Na poesia foi sempre assim, o dizer alguma coisa para iluminar outra — sem jamais perder de vista a força cortante das metáforas, porque faca igual não existe. Na MPB, Chico é um totem incontornável, carbono do que somos ou um dia imaginávamos ser, apesar da acidez atual. Na prosa é diferente. A literatura de Chico Buarque, desde Estorvo (1991) até O Irmão Alemão (2014), em cinco romances, segue outra estrada, como se o autor estivesse farto do Chico dos discos e dos shows, cansado de levar o mundo nos ombros, pela razão e pela emoção (a exceção que confirma a regra, avant la lettre, foi Fazenda Modelo, de 1974, uma Revolução dos Bichos ao avesso, evidentemente atrelada aos nós do cotidiano). Na literatura, Chico foi sempre mais frio, mais distante, narrador razoavelmente apartado de seus temas. Não que o desencanto e o pessimismo nas letras dos anos 1970 e 1980 já não antecipassem o que culminaria com Estorvo (“vinha nego humilhado / vinha morto-vivo / vinha flagelado / de tudo que é lado / vinha um bom motivo pra te esfolar”, de Não Sonho Mais, do álbum Vida, de 1980). Para o editor e escritor Tiago Ferro, autor de O Pai da Menina Morta, romance finalista do Prêmio Jabuti, estudioso da obra literária de Chico Buarque, “as canções já eram insuficientes para captar aquele momento histórico, para mostrar no que havia dado a longa noite da ditadura, um país violento, perverso e aparentemente sem saída”. E Chico foi pousar nas estantes.
O desencanto e o pessimismo nas letras das canções dos anos 1970 e 1980 já antecipavam o que culminaria na literatura
Essa Gente, que chega às livrarias na quinta-feira 14, é um excelente romance colado a um diário, com anotações, mensagens enviadas e recebidas, entre dezembro de 2016 e setembro de 2019, atalho para o Brasil do aqui e agora. Apesar de o recorte parecer óbvio, o tempo em que uma presidente foi impedida, um ex-presidente foi preso e o Brasil caiu nas mãos de um saudosista do autoritarismo, cujo filho defende o retorno do AI-5, nada em suas páginas é evidente. O que vale, como nas canções, são as coisas não ditas. Não se busque em Essa Gente um corolário das mazelas do Brasil, um manual de ódio para quem não gosta de Chico, desde que ele passou a ser xingado porque nunca recuou de suas convicções; ou um mapa de adoração para quem o põe no pedestal dos intocáveis. Não se espere um panfleto, apenas porque empurraram Chico para um canto da guerra política, o que inclui apoio incondicional a Dilma Rousseff e Lula. O livro tem nuances mais inteligentes. É um delicado (e invariavelmente cômico, embora descrente) relato, apesar da aspereza, a impor reflexão em torno do Brasil rachado ao meio — o estúpido fosso social, os vãos ideológicos, tudo aquilo que nos trouxe até aqui. É como se os personagens de Essa Gente dissessem: “Preste atenção”, eis o Brasil como ficou. Ou então: em que momento o vaso trincou a ponto de uma certa unanimidade nacional — o próprio Chico — agora ser encurralado nas ruas por gente que pensa diferente?

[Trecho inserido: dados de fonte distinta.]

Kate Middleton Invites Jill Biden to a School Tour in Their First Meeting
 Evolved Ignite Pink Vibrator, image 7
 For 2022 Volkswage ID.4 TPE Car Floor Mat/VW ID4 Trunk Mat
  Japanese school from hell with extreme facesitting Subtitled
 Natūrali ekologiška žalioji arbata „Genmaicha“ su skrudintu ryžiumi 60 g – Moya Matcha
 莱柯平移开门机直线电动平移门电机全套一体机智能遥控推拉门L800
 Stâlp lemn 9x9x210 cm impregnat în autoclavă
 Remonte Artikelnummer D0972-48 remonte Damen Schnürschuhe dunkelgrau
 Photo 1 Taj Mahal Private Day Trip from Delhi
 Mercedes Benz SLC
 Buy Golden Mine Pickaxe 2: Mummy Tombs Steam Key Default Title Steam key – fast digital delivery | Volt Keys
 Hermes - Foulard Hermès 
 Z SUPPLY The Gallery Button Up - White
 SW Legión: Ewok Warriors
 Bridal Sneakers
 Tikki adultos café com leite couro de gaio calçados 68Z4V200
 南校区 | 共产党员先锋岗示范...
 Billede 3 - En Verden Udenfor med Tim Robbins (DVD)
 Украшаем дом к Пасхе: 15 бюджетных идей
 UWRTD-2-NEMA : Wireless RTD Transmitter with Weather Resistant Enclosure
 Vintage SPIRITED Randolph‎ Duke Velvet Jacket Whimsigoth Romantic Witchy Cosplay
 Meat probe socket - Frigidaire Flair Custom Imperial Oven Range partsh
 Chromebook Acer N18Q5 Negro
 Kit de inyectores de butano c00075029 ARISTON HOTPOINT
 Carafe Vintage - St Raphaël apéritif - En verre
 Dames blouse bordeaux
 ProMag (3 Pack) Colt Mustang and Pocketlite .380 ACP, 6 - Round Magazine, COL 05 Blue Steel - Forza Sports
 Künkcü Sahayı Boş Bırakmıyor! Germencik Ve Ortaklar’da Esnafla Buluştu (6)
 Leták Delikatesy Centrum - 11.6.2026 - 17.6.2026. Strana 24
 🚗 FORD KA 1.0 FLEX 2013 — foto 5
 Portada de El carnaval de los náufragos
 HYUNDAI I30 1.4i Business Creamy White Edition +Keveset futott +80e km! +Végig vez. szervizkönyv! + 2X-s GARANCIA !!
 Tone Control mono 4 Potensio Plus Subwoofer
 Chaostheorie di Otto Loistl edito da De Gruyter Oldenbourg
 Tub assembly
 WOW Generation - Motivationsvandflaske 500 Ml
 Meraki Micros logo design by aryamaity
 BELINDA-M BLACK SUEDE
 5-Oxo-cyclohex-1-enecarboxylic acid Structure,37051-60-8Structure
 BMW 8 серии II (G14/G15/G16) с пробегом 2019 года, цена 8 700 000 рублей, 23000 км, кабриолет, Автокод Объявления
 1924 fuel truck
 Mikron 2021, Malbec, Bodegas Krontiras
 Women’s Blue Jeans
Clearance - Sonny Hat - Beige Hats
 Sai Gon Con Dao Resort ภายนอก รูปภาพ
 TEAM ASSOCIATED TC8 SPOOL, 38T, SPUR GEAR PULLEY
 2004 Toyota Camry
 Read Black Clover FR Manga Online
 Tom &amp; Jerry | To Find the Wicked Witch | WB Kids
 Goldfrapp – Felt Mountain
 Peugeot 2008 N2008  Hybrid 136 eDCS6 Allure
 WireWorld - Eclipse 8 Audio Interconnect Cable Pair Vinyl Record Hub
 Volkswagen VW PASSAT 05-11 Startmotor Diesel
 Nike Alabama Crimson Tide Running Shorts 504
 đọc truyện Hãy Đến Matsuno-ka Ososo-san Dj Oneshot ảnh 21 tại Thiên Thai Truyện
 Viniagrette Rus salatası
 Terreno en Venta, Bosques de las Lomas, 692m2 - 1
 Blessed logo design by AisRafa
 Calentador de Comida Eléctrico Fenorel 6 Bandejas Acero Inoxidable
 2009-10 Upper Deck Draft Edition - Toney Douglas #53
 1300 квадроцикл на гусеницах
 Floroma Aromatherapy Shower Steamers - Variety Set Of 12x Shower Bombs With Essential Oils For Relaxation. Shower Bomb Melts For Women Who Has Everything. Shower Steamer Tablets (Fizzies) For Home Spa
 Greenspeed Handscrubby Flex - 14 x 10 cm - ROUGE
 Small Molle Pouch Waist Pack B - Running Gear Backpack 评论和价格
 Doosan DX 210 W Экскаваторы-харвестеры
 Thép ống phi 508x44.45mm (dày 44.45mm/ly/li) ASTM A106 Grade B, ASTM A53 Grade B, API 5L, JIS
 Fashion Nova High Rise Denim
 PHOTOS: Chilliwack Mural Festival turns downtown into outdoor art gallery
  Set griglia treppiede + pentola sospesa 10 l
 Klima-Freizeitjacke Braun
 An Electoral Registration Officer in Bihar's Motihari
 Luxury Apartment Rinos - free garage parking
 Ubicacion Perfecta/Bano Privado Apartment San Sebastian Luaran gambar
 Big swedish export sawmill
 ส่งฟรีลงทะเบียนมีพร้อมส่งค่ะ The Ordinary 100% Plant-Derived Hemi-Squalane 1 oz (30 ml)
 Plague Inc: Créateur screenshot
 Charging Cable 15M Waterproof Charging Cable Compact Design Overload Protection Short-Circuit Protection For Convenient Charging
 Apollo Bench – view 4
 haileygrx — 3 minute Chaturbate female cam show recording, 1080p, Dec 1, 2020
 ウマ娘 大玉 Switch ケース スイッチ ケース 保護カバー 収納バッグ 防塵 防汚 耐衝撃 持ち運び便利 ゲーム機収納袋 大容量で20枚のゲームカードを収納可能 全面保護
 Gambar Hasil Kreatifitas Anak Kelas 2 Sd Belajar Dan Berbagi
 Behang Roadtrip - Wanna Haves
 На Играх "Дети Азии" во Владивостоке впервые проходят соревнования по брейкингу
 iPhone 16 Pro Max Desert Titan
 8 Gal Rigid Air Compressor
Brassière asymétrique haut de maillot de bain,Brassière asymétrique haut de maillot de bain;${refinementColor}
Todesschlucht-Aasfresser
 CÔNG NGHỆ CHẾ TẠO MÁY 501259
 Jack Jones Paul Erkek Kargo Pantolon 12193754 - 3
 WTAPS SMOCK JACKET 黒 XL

O nome do personagem central de Essa Gente faz lembrar o de seu criador: é Manuel Duarte, autor de um romance histórico, O Eunuco do Paço Real. Decadente, endividado, ele tem um filho adolescente com quem não troca palavra e duas ex-mulheres (uma tradutora e uma decoradora). A cercá-lo, revelam as anotações, há um Rio de Janeiro que sangra entre a pobreza e a solidão. O caleidoscópio, evidenciado pelo quebra-cabeça fragmentado das curtas entradas do diário, expõe uma multidão de bizarrices que, sem a chave da ironia, soaria inverossímil. Há o pastor evangélico da Igreja da Bem-Aventurança ligado a um maestro italiano que castra jovens pobres para abastecer o mercado internacional de canto lírico. Há o mendigo que apanha de um sócio do Country Club. O filho de militantes de esquerda que sofre bullying na escola. Na pena de um escritor qualquer, o risco de desandar para o preto no branco seria imenso. Na narrativa de Chico há vasta porção de cinza, é tudo mais sutil, mais lírico, costurado por paixões e suspense policial. Se os outros livros de Chico Buarque foram sempre primos distantes de sua produção musical, Essa Gente é como um irmão. Ecoa a letra do clássico imediato de seu mais recente disco, As Caravanas: “Esses estranhos / suburbanos tipo muçulmanos / do Jacarezinho / a caminho do Jardim de Alá”. É o Chico Buarque compositor de mãos dadas com o Chico Buarque escritor, como se repetissem Carlos Drummond de Andrade musicado por Milton Nascimento, ambos um tanto esquecidos: “Eu preparo uma canção / que faça acordar os homens / e adormecer as crianças”.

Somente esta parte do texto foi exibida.